El olvido que cuesta 20 céntimos por litro
El decreto anticrisis blinda bolsillos en la Península, Canarias, Baleares… pero deja fuera a Ceuta y Melilla. Aquí no hay IVA que rebajar; aquí hay un censo de 86 000 personas que pagan el IPREM más bajo y el peaje marítimo más caro de Europa. Marín pide ahora una compensación directa: 20 céntimos por litro, la misma rebaja que se aplica en el resto del país via impuestos. «No es solidaridad; es justicia aritmética», sentencia.
La segunda exigencia es una estocada a la logística insular que sufre la ciudad. Melilla importa el 98 % de lo que consume. Cada camión que atraviesa el estrecho paga un sobrecoste de 400 € por travesía; el conflicto ucraniano encareció ese pasaje un 35 % en tres meses. El Ejecutivo local reclama una subvención inmediata al transporte de mercancías que nivele la cancha: 150 € por tonelada hasta que el precio del barril baje de 80 dólares.

La barrera invisible del 0 % iva
Ceuta y Melilla viven en una anomalía fiscal: no pagan IVA, sino el IPSI (un impuesto local menor). Cuando el Gobierno rebaja el IVA, aquí no baja nada. «Nosotros también respiramos el mismo aire caro que Madrid», ironiza un transportista que acaba de pagar 1 840 € por llenar su camión. La solución pasa por crear un fondo de compensación regional, algo que Hacienda estudia pero que, según Marín, «llegará tarde si esperamos a la próxima ley de Presupuestos».
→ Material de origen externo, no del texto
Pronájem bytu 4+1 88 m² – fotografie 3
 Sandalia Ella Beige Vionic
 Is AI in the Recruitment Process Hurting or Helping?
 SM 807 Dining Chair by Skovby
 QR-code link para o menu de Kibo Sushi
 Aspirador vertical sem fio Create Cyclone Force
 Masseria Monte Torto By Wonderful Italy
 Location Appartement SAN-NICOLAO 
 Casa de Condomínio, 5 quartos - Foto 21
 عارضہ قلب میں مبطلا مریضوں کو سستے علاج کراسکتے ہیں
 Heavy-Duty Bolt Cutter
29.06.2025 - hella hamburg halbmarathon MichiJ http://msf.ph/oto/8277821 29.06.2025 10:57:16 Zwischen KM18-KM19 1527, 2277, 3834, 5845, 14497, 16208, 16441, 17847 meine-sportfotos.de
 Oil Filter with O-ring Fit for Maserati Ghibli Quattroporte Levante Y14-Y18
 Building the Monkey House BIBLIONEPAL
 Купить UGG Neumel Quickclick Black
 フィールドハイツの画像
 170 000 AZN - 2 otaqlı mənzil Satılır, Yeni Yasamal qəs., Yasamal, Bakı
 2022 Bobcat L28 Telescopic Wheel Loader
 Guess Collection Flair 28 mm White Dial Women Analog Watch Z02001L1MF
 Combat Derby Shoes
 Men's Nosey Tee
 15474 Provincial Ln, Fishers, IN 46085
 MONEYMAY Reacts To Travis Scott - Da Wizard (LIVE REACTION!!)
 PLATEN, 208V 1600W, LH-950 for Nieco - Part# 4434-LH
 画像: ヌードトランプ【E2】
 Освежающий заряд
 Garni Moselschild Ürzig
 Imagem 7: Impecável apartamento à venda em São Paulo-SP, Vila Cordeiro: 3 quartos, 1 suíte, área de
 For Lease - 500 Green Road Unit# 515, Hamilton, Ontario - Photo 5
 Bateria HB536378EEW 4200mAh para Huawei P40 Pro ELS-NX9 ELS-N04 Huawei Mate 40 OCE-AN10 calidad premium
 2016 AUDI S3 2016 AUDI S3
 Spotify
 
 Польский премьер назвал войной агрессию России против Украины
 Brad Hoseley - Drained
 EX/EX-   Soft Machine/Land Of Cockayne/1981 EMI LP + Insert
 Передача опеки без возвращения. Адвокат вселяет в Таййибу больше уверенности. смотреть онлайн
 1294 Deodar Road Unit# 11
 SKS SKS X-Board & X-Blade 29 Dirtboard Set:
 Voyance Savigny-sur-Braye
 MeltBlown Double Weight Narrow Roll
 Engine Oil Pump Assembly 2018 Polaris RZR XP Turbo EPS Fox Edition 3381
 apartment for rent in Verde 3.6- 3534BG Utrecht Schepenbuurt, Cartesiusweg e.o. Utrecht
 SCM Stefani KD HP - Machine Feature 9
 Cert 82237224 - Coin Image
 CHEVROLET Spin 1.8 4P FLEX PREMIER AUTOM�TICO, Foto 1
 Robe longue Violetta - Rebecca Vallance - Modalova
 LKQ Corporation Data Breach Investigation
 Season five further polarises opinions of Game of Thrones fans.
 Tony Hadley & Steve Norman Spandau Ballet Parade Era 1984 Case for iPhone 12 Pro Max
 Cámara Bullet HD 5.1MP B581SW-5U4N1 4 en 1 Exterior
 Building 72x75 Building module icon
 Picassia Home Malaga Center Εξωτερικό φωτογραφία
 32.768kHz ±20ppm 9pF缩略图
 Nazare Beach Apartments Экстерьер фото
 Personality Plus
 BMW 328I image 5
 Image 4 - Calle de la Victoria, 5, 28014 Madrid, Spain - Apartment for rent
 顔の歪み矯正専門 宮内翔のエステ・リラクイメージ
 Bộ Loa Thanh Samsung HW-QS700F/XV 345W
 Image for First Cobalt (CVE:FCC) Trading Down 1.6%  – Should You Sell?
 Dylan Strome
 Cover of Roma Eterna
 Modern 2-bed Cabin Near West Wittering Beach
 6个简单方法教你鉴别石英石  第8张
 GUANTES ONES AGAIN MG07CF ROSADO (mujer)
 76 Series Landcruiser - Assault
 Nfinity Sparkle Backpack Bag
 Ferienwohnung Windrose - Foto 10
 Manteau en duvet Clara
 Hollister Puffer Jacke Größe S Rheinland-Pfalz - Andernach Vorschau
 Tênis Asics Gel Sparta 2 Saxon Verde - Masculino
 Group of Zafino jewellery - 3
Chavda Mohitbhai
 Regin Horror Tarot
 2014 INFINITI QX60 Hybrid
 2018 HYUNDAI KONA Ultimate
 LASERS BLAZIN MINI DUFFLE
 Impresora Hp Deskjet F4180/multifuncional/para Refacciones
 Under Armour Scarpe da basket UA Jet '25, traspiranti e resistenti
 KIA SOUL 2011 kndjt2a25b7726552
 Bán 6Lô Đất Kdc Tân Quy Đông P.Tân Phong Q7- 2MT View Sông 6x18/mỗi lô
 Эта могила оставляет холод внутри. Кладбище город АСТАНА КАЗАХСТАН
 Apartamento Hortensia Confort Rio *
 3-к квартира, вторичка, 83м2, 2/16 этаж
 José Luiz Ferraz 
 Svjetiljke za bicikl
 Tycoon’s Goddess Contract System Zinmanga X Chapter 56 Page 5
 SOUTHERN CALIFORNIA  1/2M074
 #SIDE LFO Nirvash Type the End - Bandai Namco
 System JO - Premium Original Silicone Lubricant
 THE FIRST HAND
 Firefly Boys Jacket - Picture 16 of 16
El escenario se complica: si el precio del gasóleo se dispara otra vez, el coste de la vida en Melilla puede crecer un 8 % antes de verano. La ciudad ya soporta el IPC más alto del país (10,4 %) y el salario medio más bajo. «Aquí no hay metro, no hay AVE, solo un puerto y una esperanza», resume la presidenta de la asociación de comerciantes, que lleva tres semanas sin poder reponer existencias de aceite de girasol.
Mientras, en el puerto, los gruas descargan contenedores con precios nuevos cada 48 horas. La guerra sigue y Melilla, sin IVA que rebajar, cuenta los céntimos. El Ministerio de Transportes promete una respuesta «en días», pero en la ciudad ya se olfatea el guiso de elecciones. La factura del olvido pesa 2,3 millones de euros al mes; la paciencia, mucho menos.